* **Problem to work on**: Leave the pictures out. Return all other data exactly.

*** Data Section Begins ***

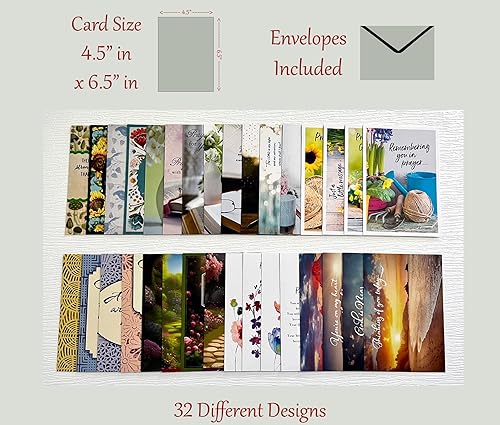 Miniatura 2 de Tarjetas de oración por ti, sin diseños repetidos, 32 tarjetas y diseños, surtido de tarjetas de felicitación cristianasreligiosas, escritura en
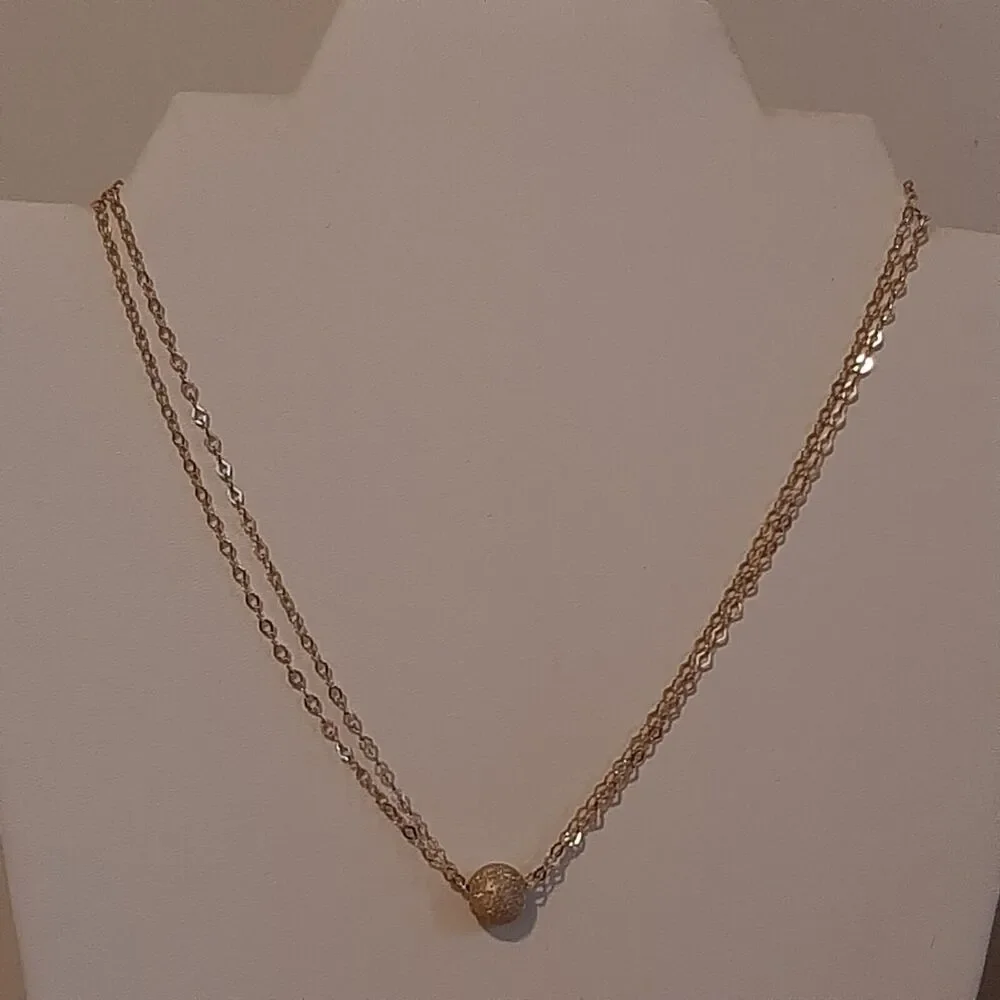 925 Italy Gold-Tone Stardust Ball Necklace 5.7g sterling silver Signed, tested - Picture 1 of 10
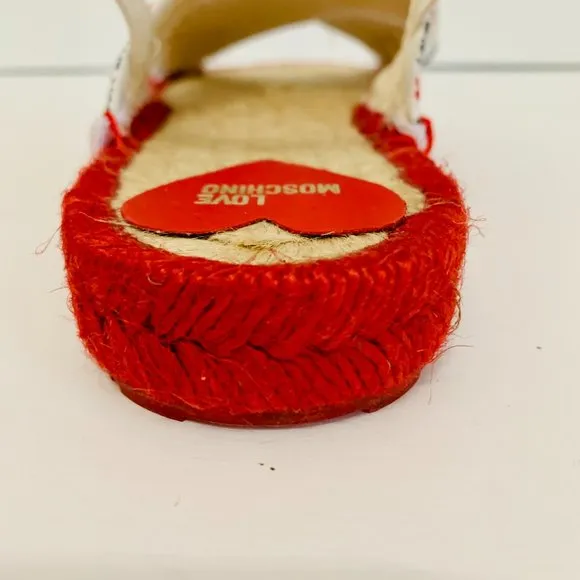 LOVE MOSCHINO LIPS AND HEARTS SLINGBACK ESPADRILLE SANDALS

*** Data Section Ends ***

* **Result**:
 Miniatura 2 de Tarjetas de oración por ti, sin diseños repetidos, 32 tarjetas y diseños, surtido de tarjetas de felicitación cristianasreligiosas, escritura en
 925 Italy Gold-Tone Stardust Ball Necklace 5.7g sterling silver Signed, tested - Picture 1 of 10
 LOVE MOSCHINO LIPS AND HEARTS SLINGBACK ESPADRILLE SANDALS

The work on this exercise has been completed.